The K8N-DLs were our original fleet of Virtual Servers. They served out their warrantee period in server service, and now we are getting an additional three years from them as desktops for our production staffs. Admittedly, K8N-DLs need to have their Southbridge fan replaced after three or four years, but they seem perfectly capable of working hard even after the fan has died. (I did buy a big ol' bag of fans a while back, and we replace any dead ones we discover.)
I had just enough of these older servers to build all the required production systems, with a cold spare for each province. I know some people would freak out at the concept of running out of warrantee gear...but the K8N-DLs were from the days when ASUS wasn’t a complete [long string of exceptionally vile expletives] and as such I have faith they’ll keep on ticking. I’d go so far as to say that the K8N-DLs may have been one of the very last good ASUS boards ever made. (Though the P5E-VM-DOs come damned close.)
Though my existing fleet of servers and desktops is almost exclusively ASUS everything, it’s the last generation of such. I’ve been screwed over by ASUS enough times that tiny budget or not, it’s time to start stumping up for Tyan and Supermicro. None of this “here’s a BEAUTIFUL server board. Build your fleet on it!” Followed soon thereafter by “oh, by the way, we won’t release a BIOS upgrade for the next generation processor, instead we’ll release a slightly different model name that’s IDENTICAL IN EVERY WAY, except it has a new BIOS!” (Doubly frustrating when Tyan, Supermicro and even GIGABYTE of all companies release BIOS upgrades for their serverboards of the same generation.)
Yeah, ASUS can [something suggestive that makes 4chan blush.]
Anyways, where was I? Oh yeah; old systems. Well, our full-fat clients are naturally tied to the server, not desktop refresh cycle. At the time of the last server refresh the vPro systems were just coming into view, and they cost us about $1750. I think we were able to convert the old servers for about $600. So we saved a pile by going halfers with our fleet. (To put it in perspective, the money saved this way enabled me to buy our very first shiny new UPSes.
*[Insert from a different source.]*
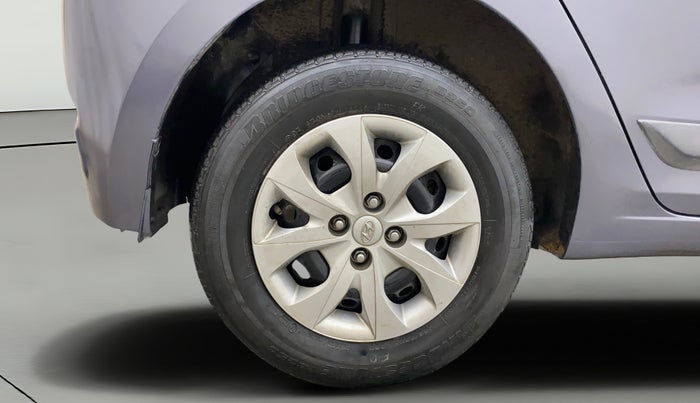 2015 Hyundai Elite i20 SPORTZ 1.4 CRDI, Diesel, Manual, 94,041 km, Right Rear Wheel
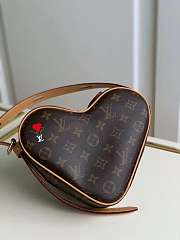 LV Heart Monogram Crossbody Logo Shoulder Bags - 2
You pick and choose what to sacrifice when your budget is close to the bone…) The production staffs themselves use the old converted servers, and the “client machines,” (those systems provided for walk-in customer use and abuse) got the vPro systems. Got to make sure the customers see the best we have to offer.
So, yeah. FUN TIMES.
On the other hand, I can legitimately say that my specialities in IT are a) making computers do things they were never designed to do out of sheer necessity and b) discovering new and interesting ways to keep costs down while still providing all the requisite functionality, redundancy and reliability. Gotta be worth something, no?